Information shown:
◆ ◆ ◆ ◆ ◆

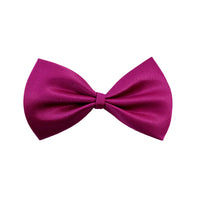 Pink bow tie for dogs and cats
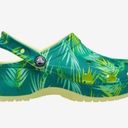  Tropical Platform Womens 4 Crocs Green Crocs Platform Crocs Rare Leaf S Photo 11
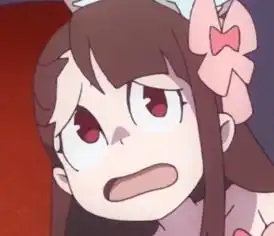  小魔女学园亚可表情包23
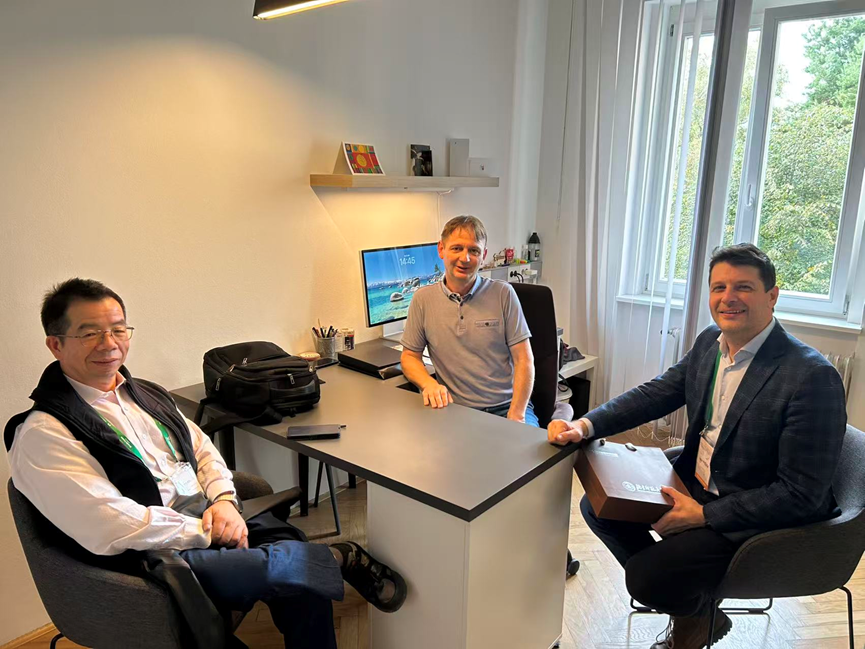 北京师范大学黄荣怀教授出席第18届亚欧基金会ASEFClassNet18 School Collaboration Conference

◆ ◆ ◆ ◆ ◆

Your task:
The whole listing must come back verbatim, with no pictures included.

Exercise answer:
 Pink bow tie for dogs and cats
  Tropical Platform Womens 4 Crocs Green Crocs Platform Crocs Rare Leaf S Photo 11
  小魔女学园亚可表情包23
 北京师范大学黄荣怀教授出席第18届亚欧基金会ASEFClassNet18 School Collaboration Conference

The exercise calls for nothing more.